Items from a dataset
'''
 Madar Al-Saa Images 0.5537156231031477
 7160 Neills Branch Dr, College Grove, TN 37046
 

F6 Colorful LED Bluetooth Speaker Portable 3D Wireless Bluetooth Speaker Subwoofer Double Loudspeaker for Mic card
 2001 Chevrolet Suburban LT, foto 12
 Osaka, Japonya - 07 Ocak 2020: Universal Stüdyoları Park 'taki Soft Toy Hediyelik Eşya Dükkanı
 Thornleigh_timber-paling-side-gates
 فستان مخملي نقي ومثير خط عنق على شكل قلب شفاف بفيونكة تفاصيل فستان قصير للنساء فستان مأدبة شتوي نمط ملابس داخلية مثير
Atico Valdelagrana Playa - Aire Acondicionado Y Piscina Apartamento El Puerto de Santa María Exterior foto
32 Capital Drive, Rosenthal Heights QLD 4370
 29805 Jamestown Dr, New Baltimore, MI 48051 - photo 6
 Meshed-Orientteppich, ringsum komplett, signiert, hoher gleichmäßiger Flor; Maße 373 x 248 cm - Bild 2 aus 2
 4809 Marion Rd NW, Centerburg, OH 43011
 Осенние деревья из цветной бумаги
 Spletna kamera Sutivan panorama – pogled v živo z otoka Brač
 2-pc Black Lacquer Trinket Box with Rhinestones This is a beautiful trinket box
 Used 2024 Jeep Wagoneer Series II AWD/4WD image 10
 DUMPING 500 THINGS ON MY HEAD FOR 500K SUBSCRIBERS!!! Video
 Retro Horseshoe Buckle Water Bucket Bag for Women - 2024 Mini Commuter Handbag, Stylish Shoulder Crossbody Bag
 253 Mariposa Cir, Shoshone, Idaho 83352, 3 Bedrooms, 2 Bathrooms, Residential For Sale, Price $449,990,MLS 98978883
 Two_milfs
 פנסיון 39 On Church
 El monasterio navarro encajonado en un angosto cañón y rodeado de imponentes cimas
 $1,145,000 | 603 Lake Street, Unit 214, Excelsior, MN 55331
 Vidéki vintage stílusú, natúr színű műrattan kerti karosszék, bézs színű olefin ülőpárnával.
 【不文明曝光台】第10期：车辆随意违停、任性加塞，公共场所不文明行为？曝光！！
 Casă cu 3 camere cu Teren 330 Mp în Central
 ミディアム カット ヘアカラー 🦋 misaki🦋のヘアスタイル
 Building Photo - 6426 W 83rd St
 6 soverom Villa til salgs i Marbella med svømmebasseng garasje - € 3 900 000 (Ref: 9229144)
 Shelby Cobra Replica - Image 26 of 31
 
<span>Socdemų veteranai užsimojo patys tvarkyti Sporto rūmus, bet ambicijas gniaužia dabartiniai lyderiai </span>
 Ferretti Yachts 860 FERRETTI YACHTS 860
'''
* _Work request_: Transcribe all of the data, keeping every line identical.

* _Answer box_:
 Madar Al-Saa Images 0.5537156231031477
 7160 Neills Branch Dr, College Grove, TN 37046
 

F6 Colorful LED Bluetooth Speaker Portable 3D Wireless Bluetooth Speaker Subwoofer Double Loudspeaker for Mic card
 2001 Chevrolet Suburban LT, foto 12
 Osaka, Japonya - 07 Ocak 2020: Universal Stüdyoları Park 'taki Soft Toy Hediyelik Eşya Dükkanı
 Thornleigh_timber-paling-side-gates
 فستان مخملي نقي ومثير خط عنق على شكل قلب شفاف بفيونكة تفاصيل فستان قصير للنساء فستان مأدبة شتوي نمط ملابس داخلية مثير
Atico Valdelagrana Playa - Aire Acondicionado Y Piscina Apartamento El Puerto de Santa María Exterior foto
32 Capital Drive, Rosenthal Heights QLD 4370
 29805 Jamestown Dr, New Baltimore, MI 48051 - photo 6
 Meshed-Orientteppich, ringsum komplett, signiert, hoher gleichmäßiger Flor; Maße 373 x 248 cm - Bild 2 aus 2
 4809 Marion Rd NW, Centerburg, OH 43011
 Осенние деревья из цветной бумаги
 Spletna kamera Sutivan panorama – pogled v živo z otoka Brač
 2-pc Black Lacquer Trinket Box with Rhinestones This is a beautiful trinket box
 Used 2024 Jeep Wagoneer Series II AWD/4WD image 10
 DUMPING 500 THINGS ON MY HEAD FOR 500K SUBSCRIBERS!!! Video
 Retro Horseshoe Buckle Water Bucket Bag for Women - 2024 Mini Commuter Handbag, Stylish Shoulder Crossbody Bag
 253 Mariposa Cir, Shoshone, Idaho 83352, 3 Bedrooms, 2 Bathrooms, Residential For Sale, Price $449,990,MLS 98978883
 Two_milfs
 פנסיון 39 On Church
 El monasterio navarro encajonado en un angosto cañón y rodeado de imponentes cimas
 $1,145,000 | 603 Lake Street, Unit 214, Excelsior, MN 55331
 Vidéki vintage stílusú, natúr színű műrattan kerti karosszék, bézs színű olefin ülőpárnával.
 【不文明曝光台】第10期：车辆随意违停、任性加塞，公共场所不文明行为？曝光！！
 Casă cu 3 camere cu Teren 330 Mp în Central
 ミディアム カット ヘアカラー 🦋 misaki🦋のヘアスタイル
 Building Photo - 6426 W 83rd St
 6 soverom Villa til salgs i Marbella med svømmebasseng garasje - € 3 900 000 (Ref: 9229144)
 Shelby Cobra Replica - Image 26 of 31
 
<span>Socdemų veteranai užsimojo patys tvarkyti Sporto rūmus, bet ambicijas gniaužia dabartiniai lyderiai </span>
 Ferretti Yachts 860 FERRETTI YACHTS 860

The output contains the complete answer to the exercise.